Question

The chords of contact of the pair of tangents drawn from each point on the line $2x + y = 4$ to the circle ${x^2} + {y^2} = 1$ pass through the point.

Answer 1

Parametrize the point on the line and find the chords of contact in that specific point. For finding the chords of contact we can go with $T = 0$ to find our desired result.

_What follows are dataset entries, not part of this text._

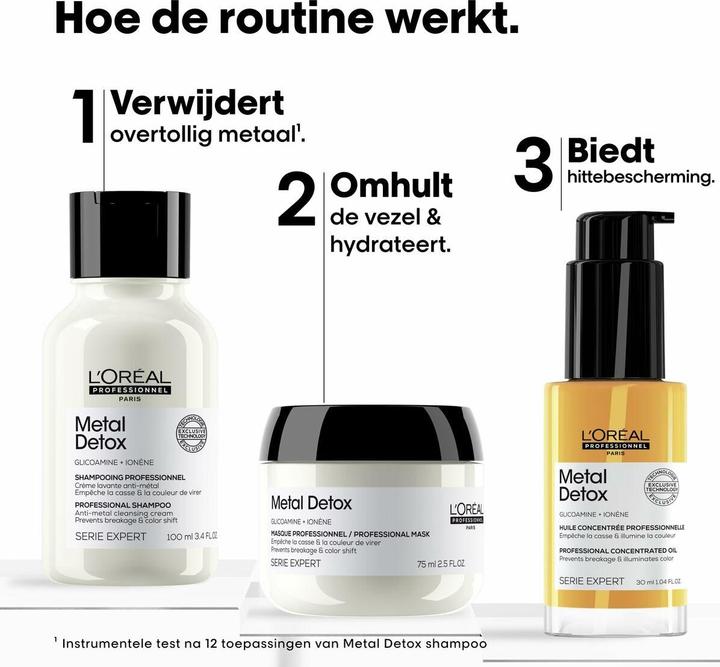Image du produit L'Oréal Paris L'Oreal Professionnel Metal Detox Shampoo, Mask & Oil Mini Trio Kit (Kit de soins capillaires)
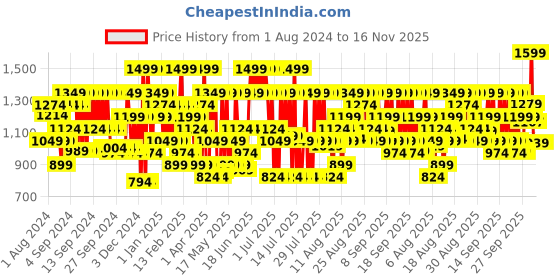 myntra.com Olay Regenerist Revitalising Night Cream for Plump & Bouncy Skin - 50g olay Price History Graph from 1 Aug 2024 to 16 Nov 2025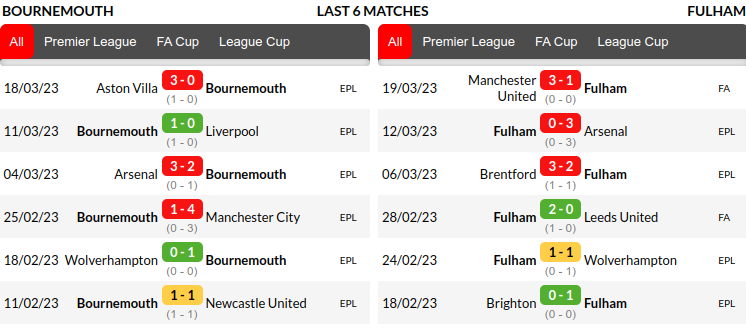 Bournemouth vs Fulham Prediction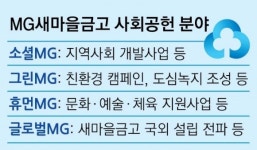 ‘좋은 이웃’  MG새마을금고,  지역 상생 4대 분야 추진
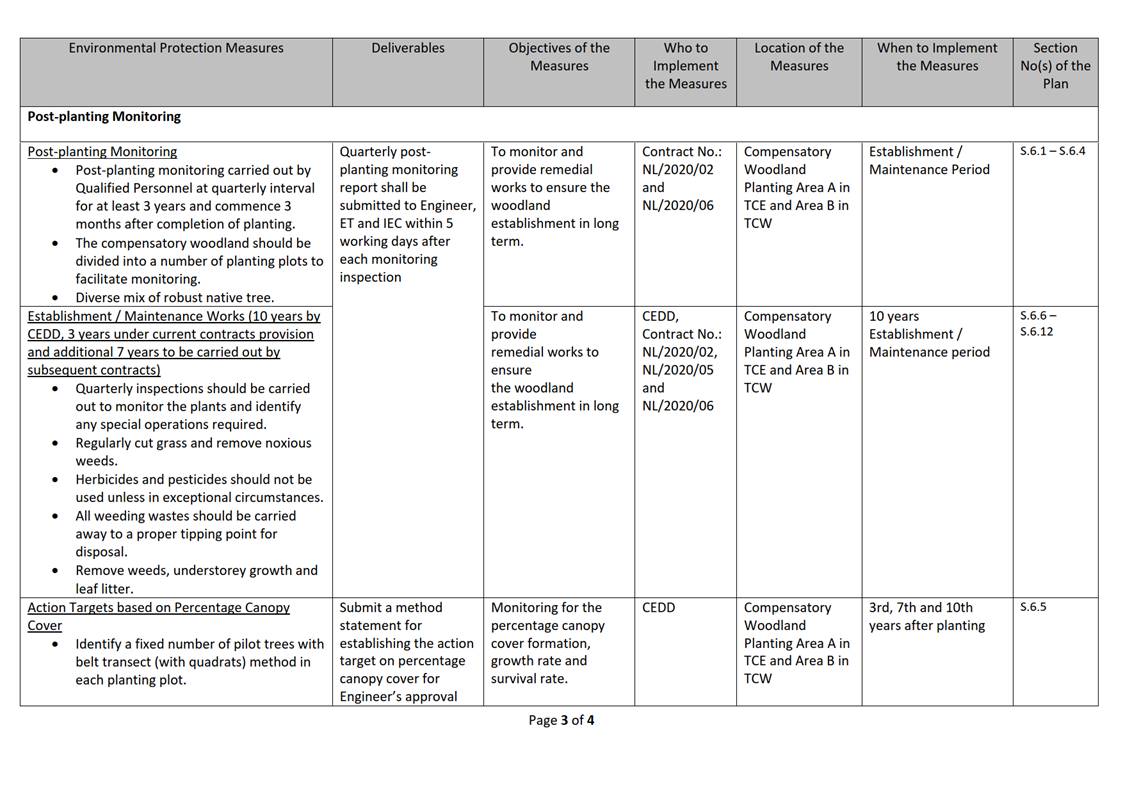 Table
Description automatically generated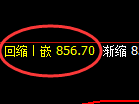 铁矿石：日线低点，精准开启强势振荡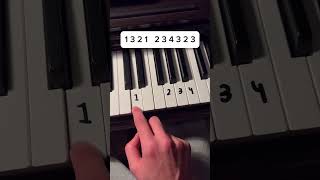 See you again ❤️ piano seeyouagain tutorial pianomusic lesson pianotutorial tips [upl. by Aihtekal]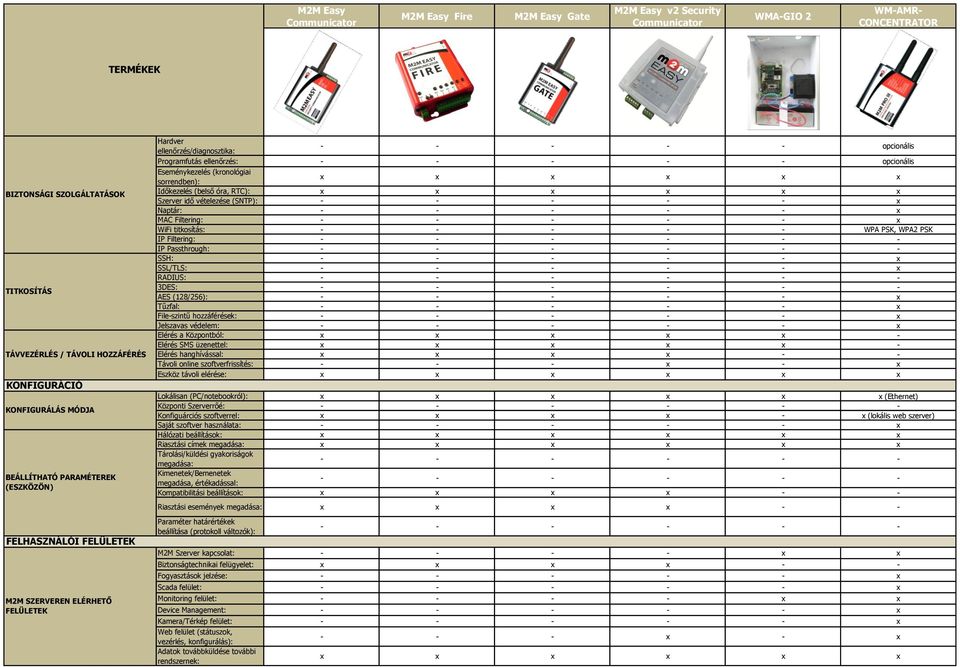 (kronológiai sorrendben): Időkezelés (belső óra, RTC): Szerver idő vételezése (SNTP): Naptár: MAC Filtering: WiFi titkosítás: - - - - - WPA PSK, WPA2 PSK IP Filtering: IP Passthrough: SSH: SSL/TLS:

Complete step by step solution:
Let, $(h,k)$ be any point on the line $2x + y = 4$.
So, we can say, $2h + k = 4$
$\Rightarrow k = 4 - 2h$
So, we get a point on the line $2x + y = 4$ is of the form $(h,4 - 2h)$ .
Equation of the chord of contact on the point $(h,k)$ ,
$hx + ky = 1$
$\Rightarrow hx + (4 - 2h)y = 1$ as $k = 4 - 2h$
$\Rightarrow hx + 4y - 2hy - 1 = 0$
$\Rightarrow (4y - 1) + h(x - 2y) = 0$ …….. (1)
We have it as of the form, $P + \lambda Q = 0$ .
So, we pass through the intersection of $P = 0$ and $Q = 0$
Now if we see equation (1), we can fix that,
This line passes through the point of intersection of $(4y - 1) = 0$ and $(x - 2y) = 0$
As,

$$4y - 1 = 0 \\\ \Rightarrow 4y = 1 \\\ \Rightarrow y = \dfrac{1}{4} \\\$$

And then,

$$x - 2y = 0 \\\ \Rightarrow x - 2 \times \dfrac{1}{4} = 0 \\\ \Rightarrow x - \dfrac{1}{2} = 0 \\\ \Rightarrow x = \dfrac{1}{2} \\\$$

That is, through the point, $\left( {\dfrac{1}{2},\dfrac{1}{4}} \right)$ .

The chords of contact of the pair of tangents drawn from each point on the line $2x + y = 4$ to the circle ${x^2} + {y^2} = 1$ pass through the point, $\left( {\dfrac{1}{2},\dfrac{1}{4}} \right)$

Note: We can find the chord of contact also by putting T = 0 easily. Chord of contact is always associated with the transverse axis. Here we have parameterized the problem to deal with it and find the solution.